There are simply too many pandemic hurdles to jump through, while other industries like hospitality and retail do not have to comply with the regulatory requirements imposed on the entire healthcare sector.

“We’re struggling to get employees who are tired of wearing face masks 24/7 in their jobs,” Moskowitz added. “Most industries now, most professions don’t require you to wear a mask… even though Covid is still here as we know.”

Schema says PPE requirements present a “unique disadvantage” for operators trying to find non-clinical staff.

“We have people applying for laundry, housekeeping, dietetics roles and one of their first questions at the interview is ‘well do I have to wear a mask? If you go to McDonald’s or Burger King, we all know the answer,” Schema said.

Outside of Covid, the long-term care environment requires non-clinical staff to be trained in dementia training, resident rights and other regulatory controls before they can hit the ground running, Laakso said.
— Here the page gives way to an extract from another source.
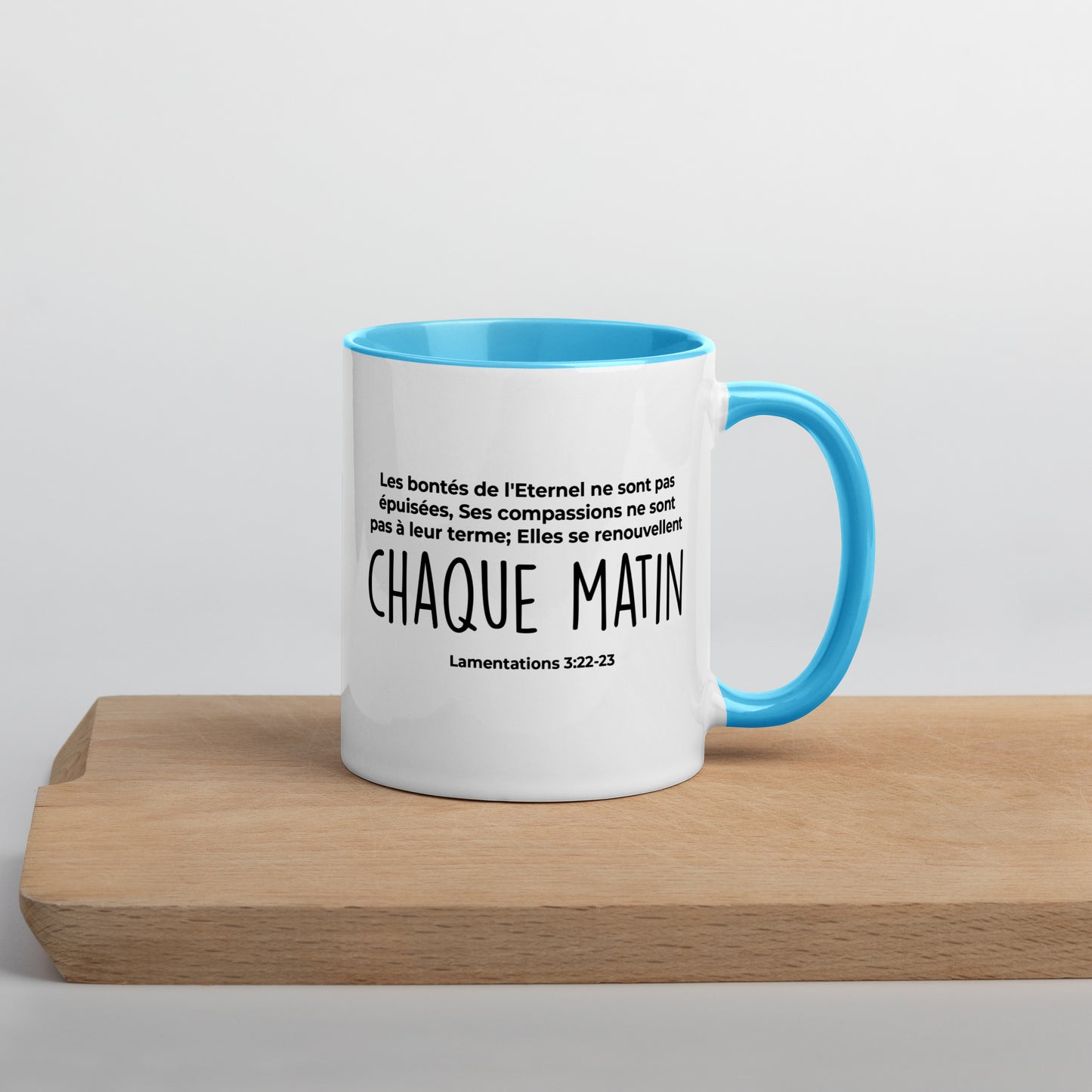 Mug coloré : Chaque matin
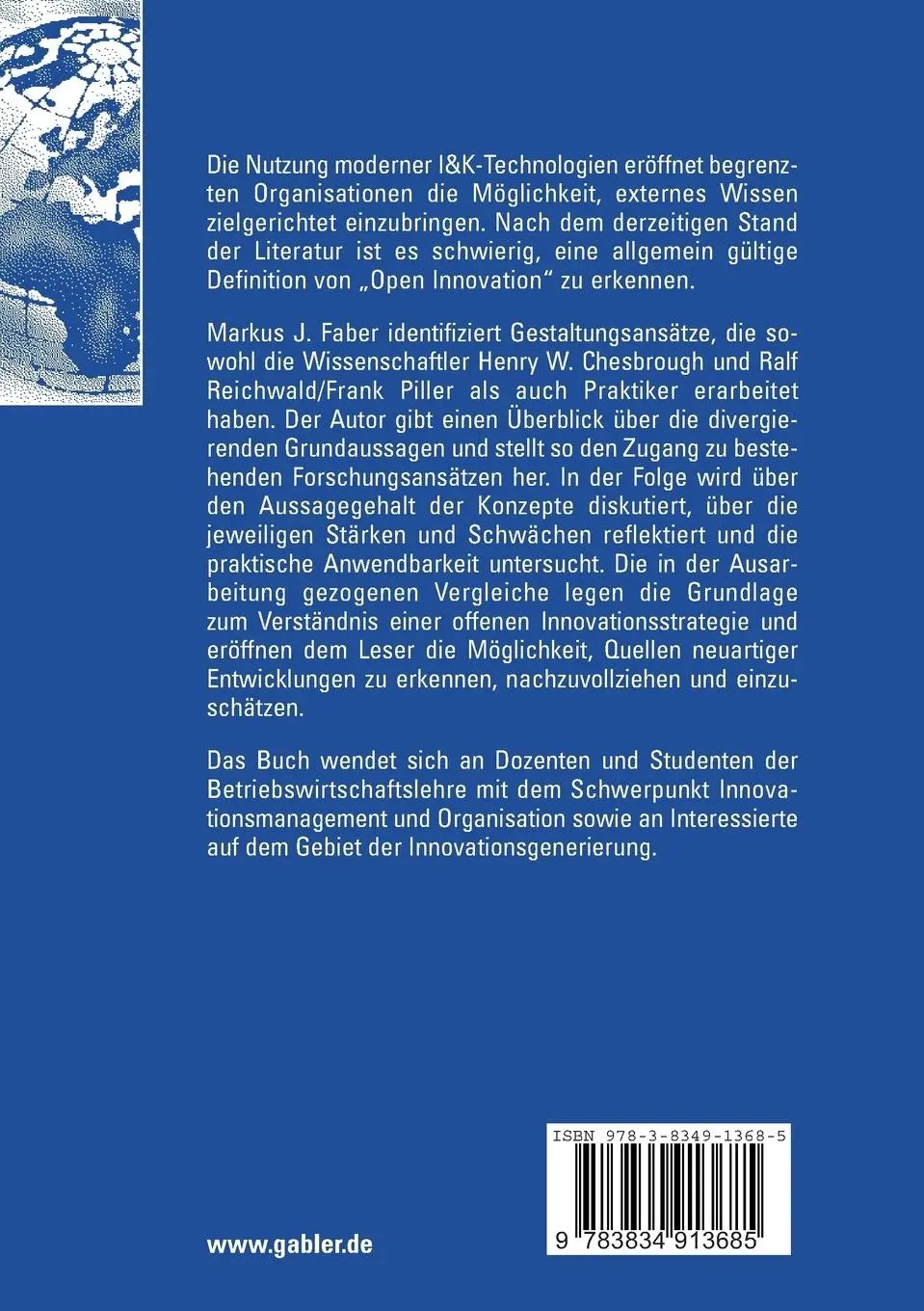 Rückseite: 9783834913685 | Open Innovation | Ansätze, Strategien und Geschäftsmodelle | Faber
This is another “inherent competitive disadvantage” compared to other industries, Schema added. Many potential non-clinical employees can’t afford to wait two to three weeks to get started, they can’t wait to pass multiple rounds of background checks.

“Restaurants and vendors here in the upper Midwest, they’re literally paying people to come in for an interview. They give them a gift card or entice them to show up for an interview,” Schema explained. “It’s a very dynamic time.”

The care home working environment has placed the non-clinical staff member under more scrutiny than ever before because of Covid, Laakso said.

Still, industry leaders hope high school and college students starting out as a non-clinical worker for a nursing home might consider a clinical pathway or a non-clinical supervisor position to stay in the industry. from an early age.

“You just have to be able to show people that within our profession there is a career ladder that people can move up,” Moskowitz added.

Laakso said SALMON has had some success that way, bringing in non-clinical staff at a young age, and then they see what clinical staff do in a facility and decide to pursue that career.

“We’re uncovering all the rocks and doing everything we can to get people into the building and get them interested,” Laakso said. “There are so many different paths you can take in health care and post-acute care…you can go into the kitchen, but you can end up becoming a nurse one day.”